For those of you keeping track at home, that’s the exact opposite of what I’ve been saying about foreigners shying away from Treasuries for the last couple months. But I may have been even more on target than even I knew…

The Treasury Department Pulled a Fast One!

Here’s the skinny… But I’ll let Min Zeng tell it, as he did the research and brought this to the public…

“In a little-noticed switch on June 1, the Treasury changed the way it accounts for indirect bids, putting more buyers under that umbrella and boosting the portion of recent Treasury sales that the market perceived were being bought by foreigners.

“The new definitions are deep in the arcane world of Treasury auctions. The change involves buyers who place orders through primary dealers. Those had been counted as direct buyers, but as of June 1 they were classified as indirect buyers, making that group larger than before. Because investors view that group as being dominated by foreign buyers, they assumed foreign demand was higher.”

So that’s what’s going on. The Treasury “moved the goal posts on us” so it looked like more foreigners were buying. That’s despicable!
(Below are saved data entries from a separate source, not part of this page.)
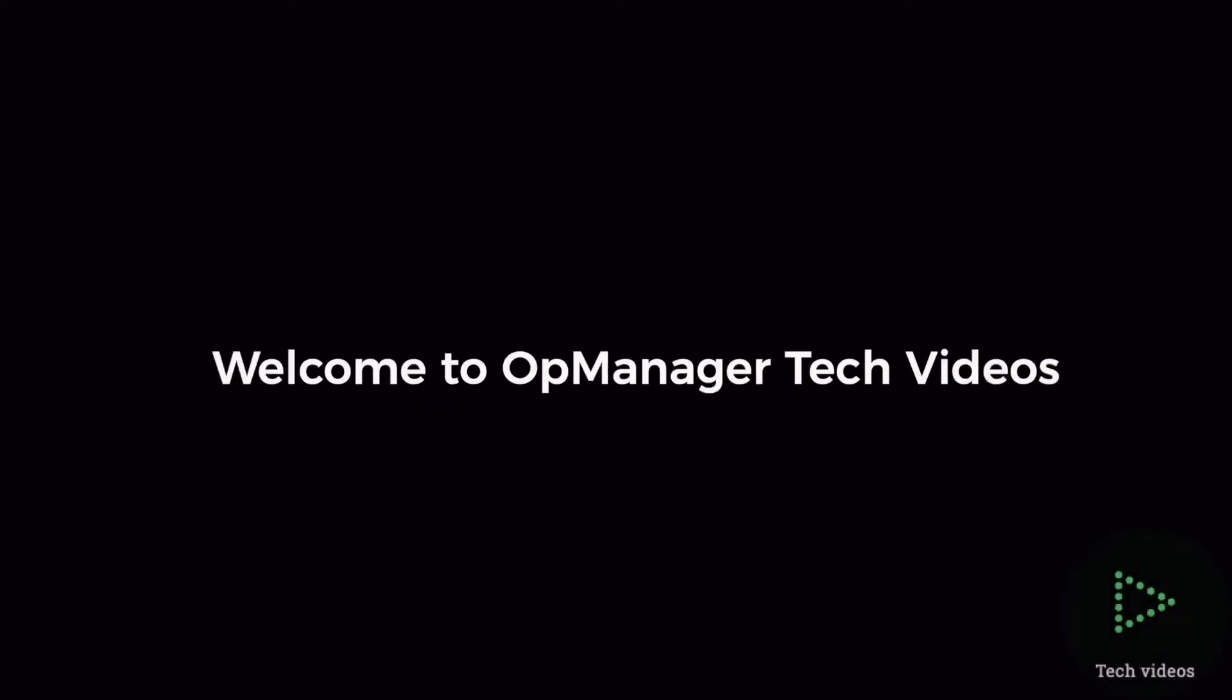Welcome to OpManager Tech videos. Today let's talk about advanced reporting in OpManager.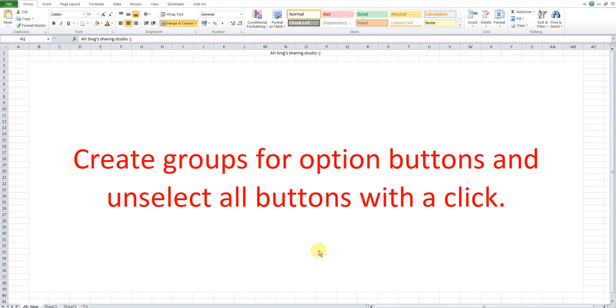Hi, this is Austin. Today I would like to share how to create groups for option buttons and unselect all buttons with a click.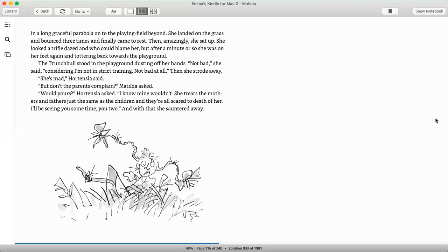She's mad, Hortensia said. But don't the parents complain? Matilda asked. Would yours? Hortensia asked. I know mine wouldn't. She treats the mothers and fathers just the same as the children, and they're all scared to death of her. I'll be seeing you sometime, you two. And with that, she sauntered away.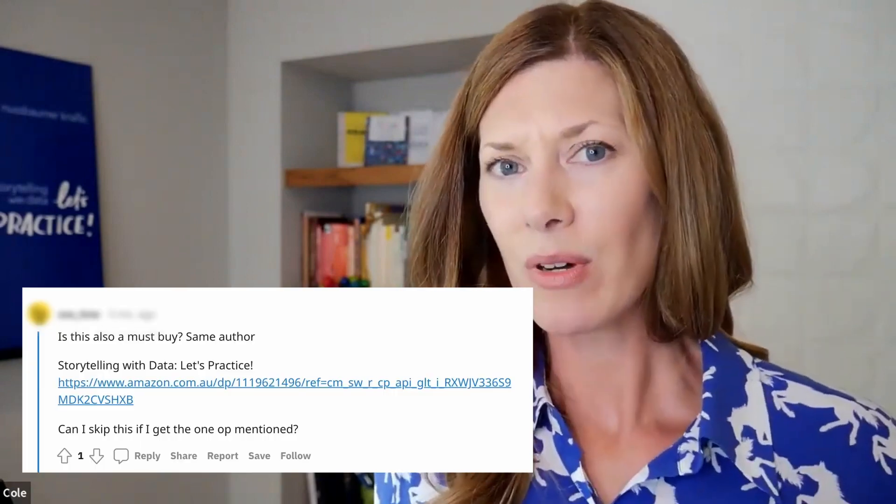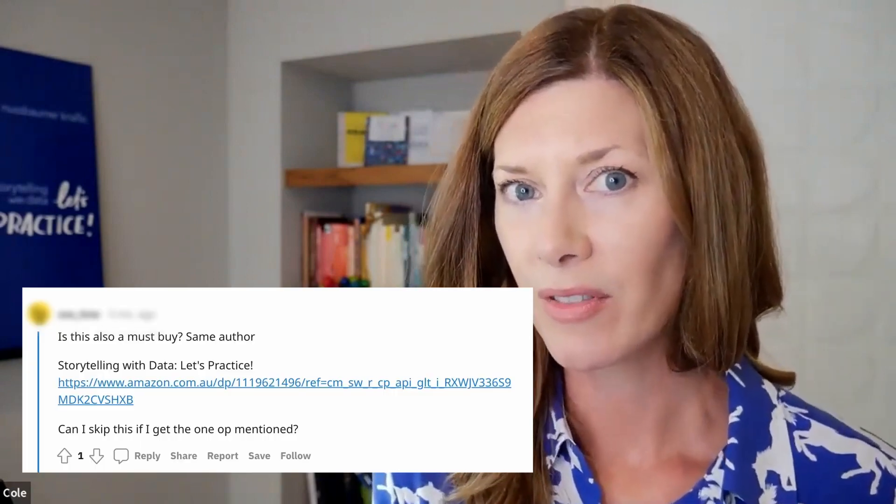Hi, Cole here from the Storytelling with Data team. In the last episode, I shared my first book, Storytelling with Data. One question that I don't typically get directly, but that I sometimes see or hear about is: should I get the white book or the blue book?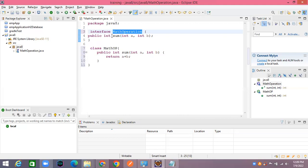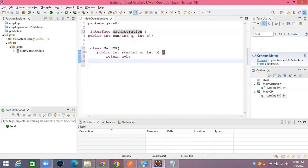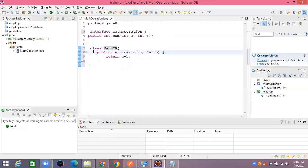Abstract methods don't have a body. Interfaces contain only abstract methods that don't have an implementation body. The method has a signature but no body. If you want to create an object, you need to provide that body.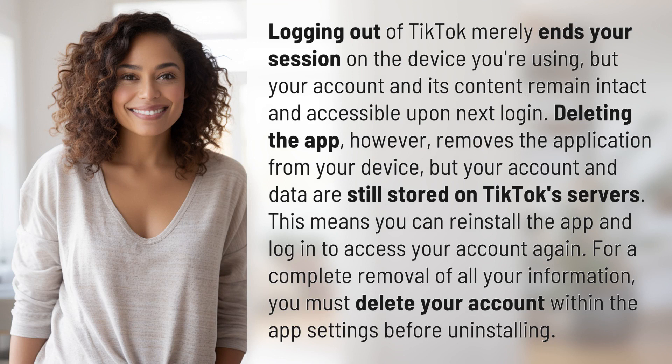Deleting the app, however, removes the application from your device, but your account and data are still stored on TikTok servers. This means you can reinstall the app and log in to access your account again. For a complete removal of all your information, you must delete your account within the app settings before uninstalling.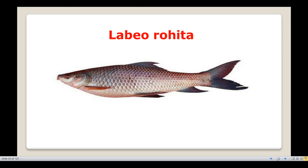If you look at the color of the body, it is bluish above. The flank regions — that is, the side regions — are silvery in color. The fins are reddish.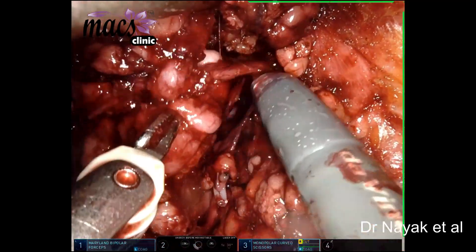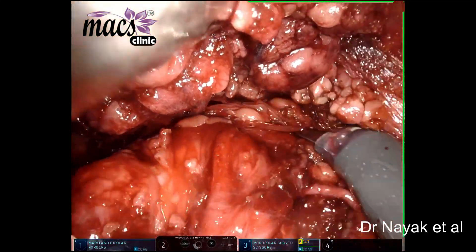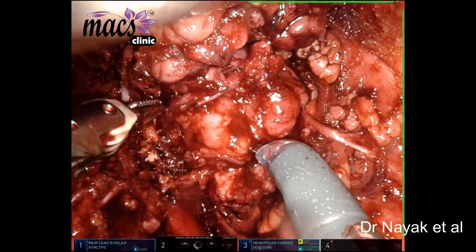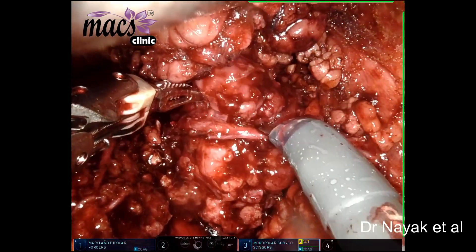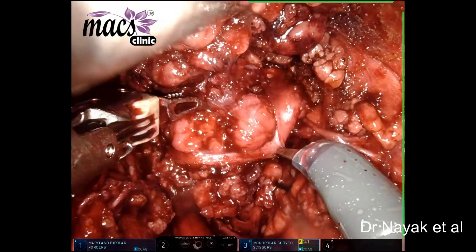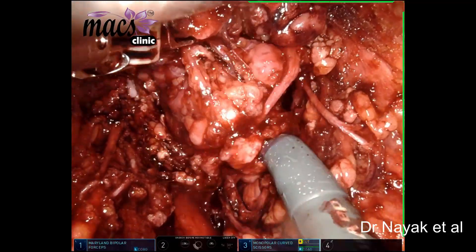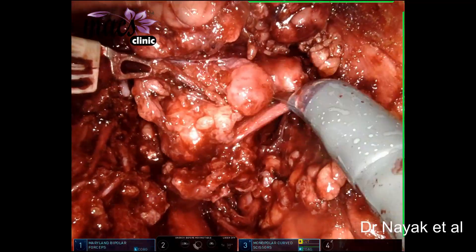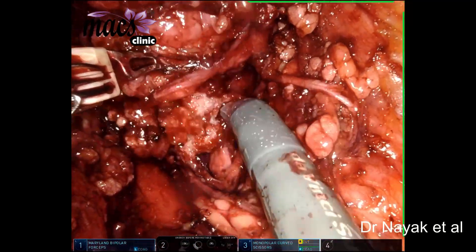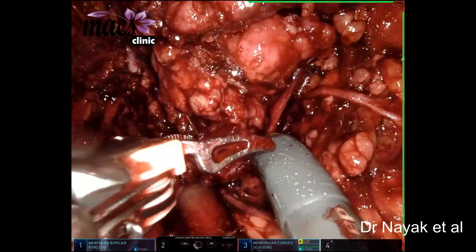As of today, the concept of parotidectomy is to perform adequate parotidectomy. It is not necessary to perform total or superficial parotidectomy — it is the adequacy of the margins and adequacy of the removal of tissue which is important. That is the nerve being gently pushed and the gland being removed.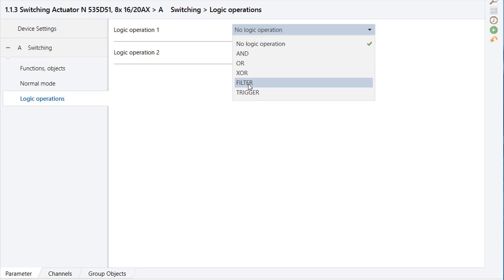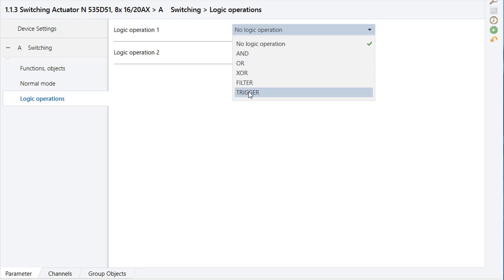If the output of the logic operation should be inverted and the value of the logic input is 1, then the inverted value of the other input is copied to the output. If the value of the logic input is 0, then the value of the other input is not copied — that means it is filtered. When AND, OR, XOR, or FILTER is selected, additional parameters are displayed: invert logical input, invert logical output, and initial value of the logic operation object after bus voltage recovery. TRIGGER: There is no logic input; on any incoming value 0 or 1 at the other input, the value 1 is set at the output of the logic operation.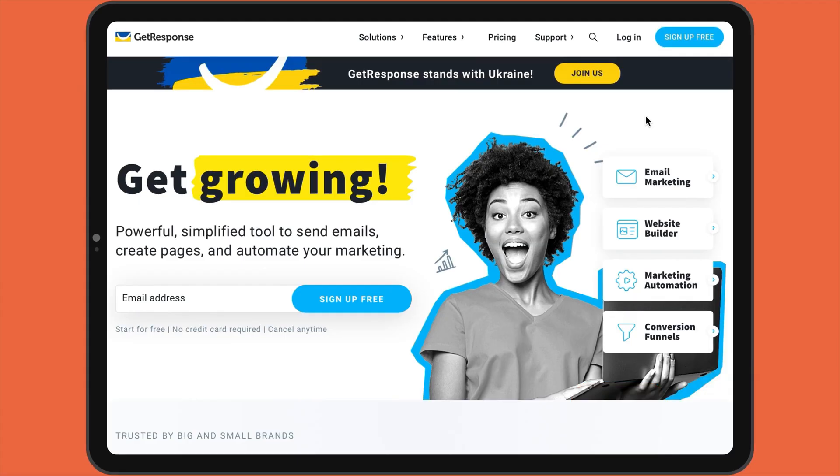Hi, guys. Welcome to TechnoGalaxy.com. I'm here today to do an honest GetResponse review.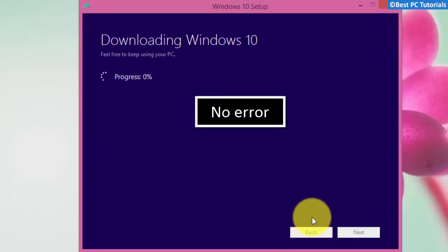This time no error has occurred. Thanks for watching this tutorial, and subscribe for updates on more Windows 10 tutorials.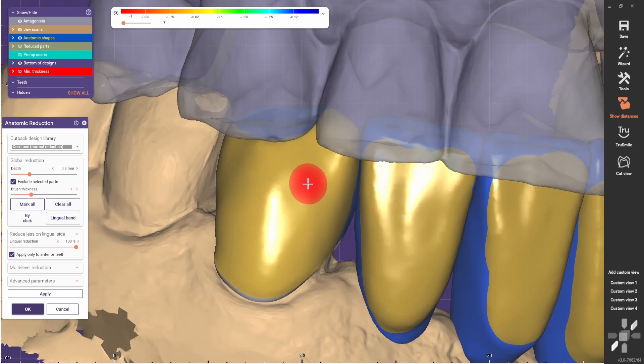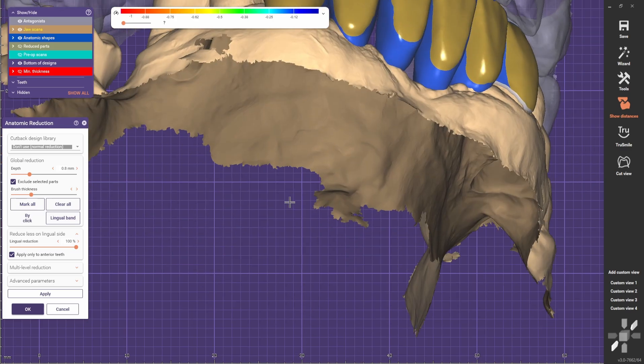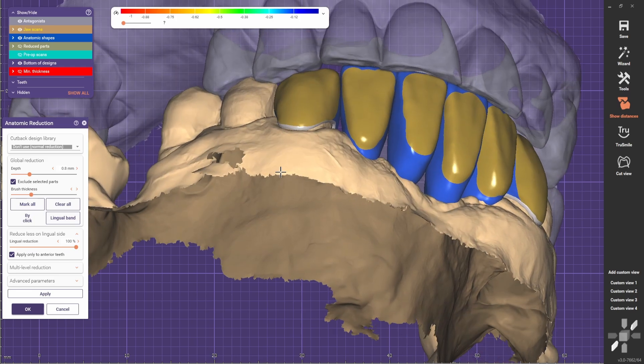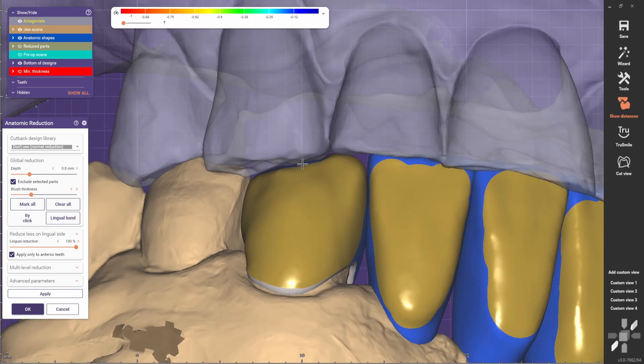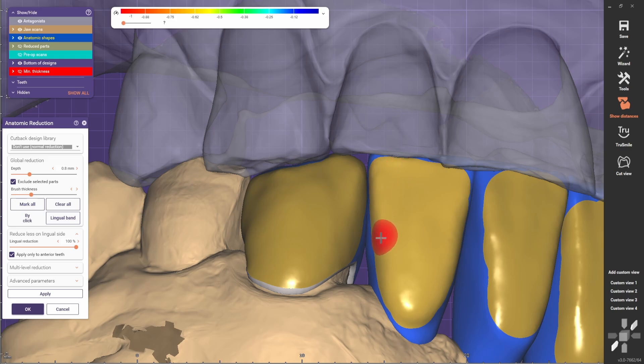Because this is a lower bridge, we will have to keep the contacts in full contour, especially given the fact that there is such a strong contact on this area. We need to protect the porcelain, so we should keep the incisal edges in full contour.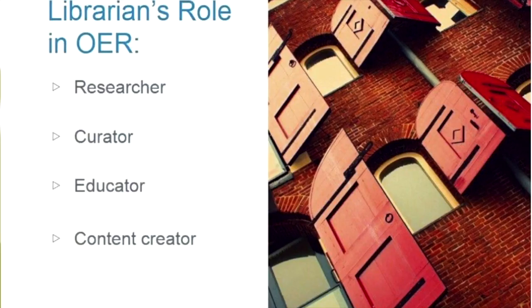Here are four of the roles that a librarian can play in the adoption process, and we'll look at each of these separately. There can be many roles, but these are the four that I decided to highlight.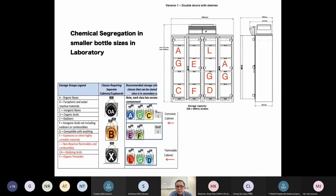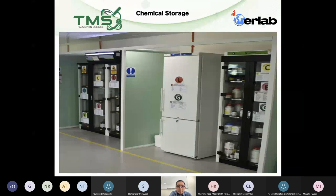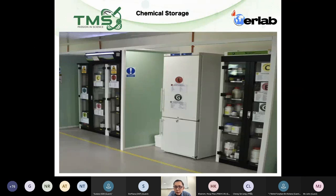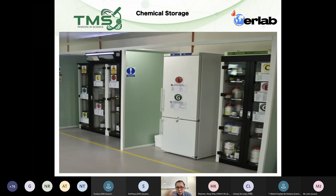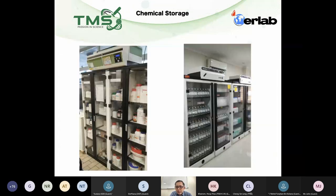I want to show a great example from one of my customers — UTP, Universiti Teknologi Petronas. You can see they placed groups L and G — solvents and non-intrinsically reactive solutions — in a chiller and storage cabinet, with the rest properly arranged as D, F, C, E and so on. This is a well-implemented example of proper chemical segregation.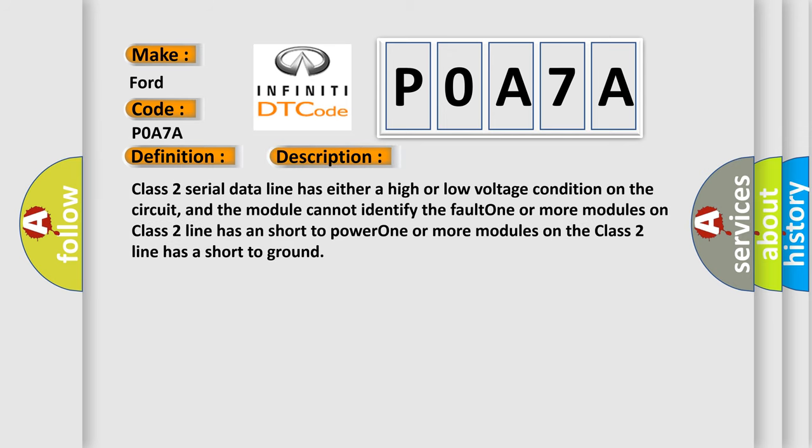Class 2 serial data line has either a high or low voltage condition on the circuit, and the module cannot identify the fault. One or more modules on Class 2 line has a short to power. One or more modules on the Class 2 line has a short to ground.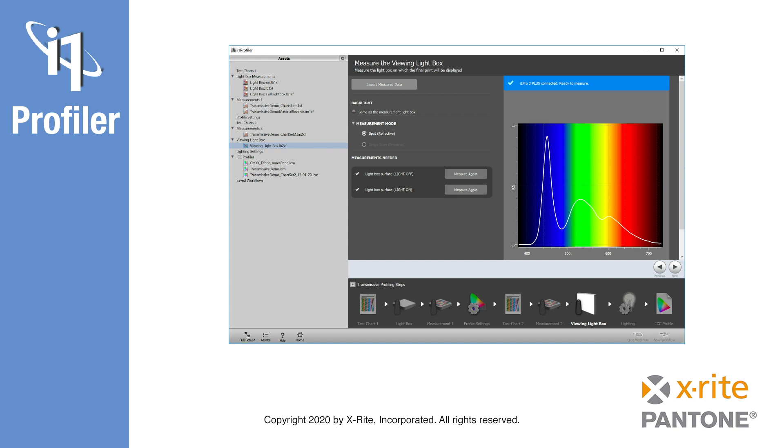Creation of transmissive RGB printer profiles is very similar. The only difference is that the black generation and separation options will not be there.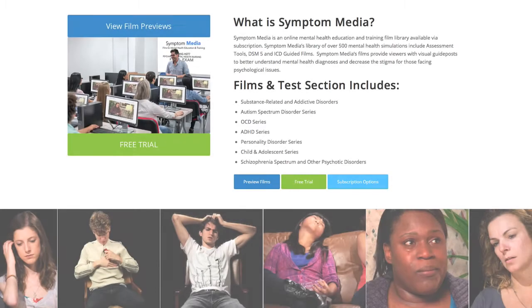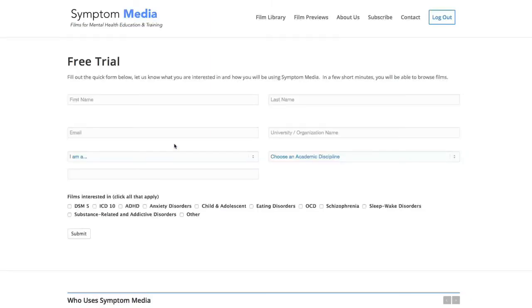Join the over 300 universities, colleges, medical schools and hospitals subscribing to Symptom Media. Be sure to visit SymptomMedia.com to sign up for a free trial today.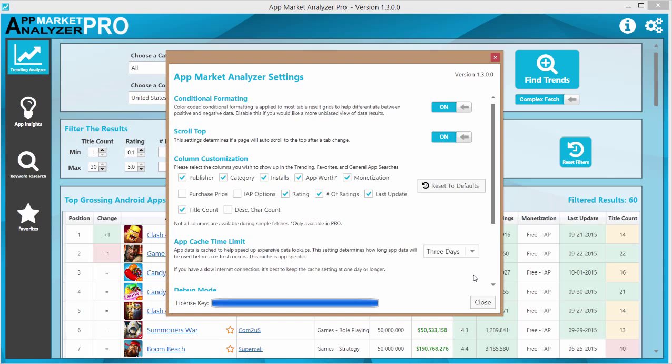Now just to be clear this only affects complex data. So this is ratings, last update date, number of ratings, category, things like that. Positional data or trending information that's always going to be refreshed on every single app lookup.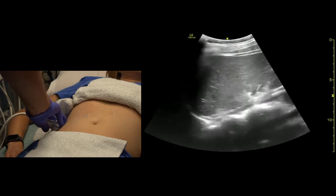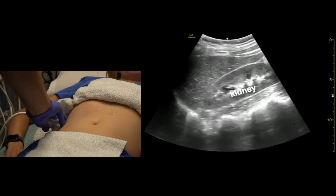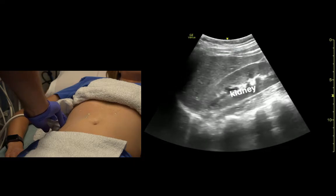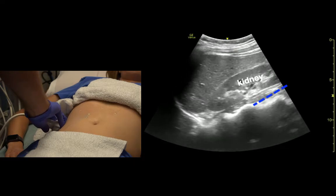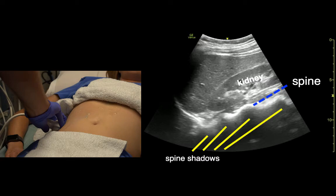If we fan posteriorly here, we can see the kidney and the spine.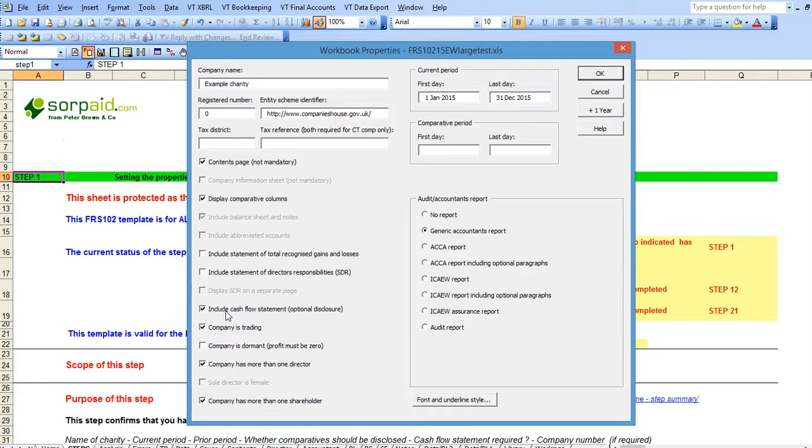By default for FRS 102 templates this box is not ticked because the cash flow statement is optional for Freddie accounts. However, if you wish to include a cash flow statement you should tick this box for Freddie accounts.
Why isn’t someone in Washington D.C. shouting from the roof tops about this? Oh, that’s right, they’re all in cahoots!

This is HUGE folks… When the markets believed that foreign demand was increasing, foreigners were actually shying away from Treasuries (just as I said)! Which, if the market participants are thinking that as long as foreigners are “buying into our deficit spending” then the dollar will be on terra firma.

But instead the U.S. Treasury is duping everyone in the markets. You would think that someone would have some ‘xplainin to do…Right Lucy?

U.S. vs. China: The Battle Continues
…and These 2 Currencies Are Winning

And here’s another thing that just ticked me off when I read it this morning.

Recently, several experts have been dissing China and dismissing the idea that China’s stimulus has been working. Last week, their words alone sent the Aussie dollar to the woodshed until this news had passed?

Well, talk about egg on their face! Here’s the skinny…

China’s manufacturing expanded for a fourth month in June. The official Purchasing Managers’ Index rose to a seasonally adjusted 53.2 in June from 53.1 in May. And just like here in the U.S. any reading above 50 is thought to show manufacturing is expanding. The manufacturing index in the U.S. is around 44, so we do have the tale of two economies.

In one corner, we have the Chinese who have spent about $585 billion worth of renminbi in stimulus, and are seeing the results. In the other corner, we have the U.S. who have spent more money than you can shake a stick at, and are not seeing green shoots like they “think they are,” instead they see dandelions, and weeds!

The currencies of Australia and New Zealand have responded positively to this news from China…

The Strange BRIC Story Continues…As the Rupee Flies!

And since I’m talking about China, might as well check on the other members of the BRIC’s (Brazil, Russia, India and China).

Brazil’s real just posted its best quarterly performance on record, and India was Asia’s 3rd best performing currency, and if you throw out the two currencies above India that are illiquid, South Korea, and Indonesia, India was the best performing currency in Asia in the second QTR…

And the people over at the Royal Bank of Scotland (RBS) believe that the rupee won’t stop here. RBS issued a research report calling for a record 11% gain by the rupee in the third quarter.

I bet this news is music to Ashish Advani’s ears – he’s my colleague and my co-pilot on my monthly newsletter, The Currency Capitalist. Ashish has been saying the rupee would be a strong performer for months now! In fact, he recommended the easiest way to buy the rupee almost two months ago! Members can see the full story in the May issue.

That’s it for today… I see that my little buddy, Alex, got second and third in backstroke and freestyle respectively at his latest swim meet. Really long time readers might recall when Alex’s older brother, Andrew was a highly decorated swimmer, and I would write about his swimming records. And their sister Dawn, also was a medal winner as a young girl! So it’s now up to our granddaughter, Delaney Grace to carry on the swimming tradition! HA! Cards lose again… Ugh!

Okay, let’s get on with this Wonderful Wednesday…shall we? Have a great one!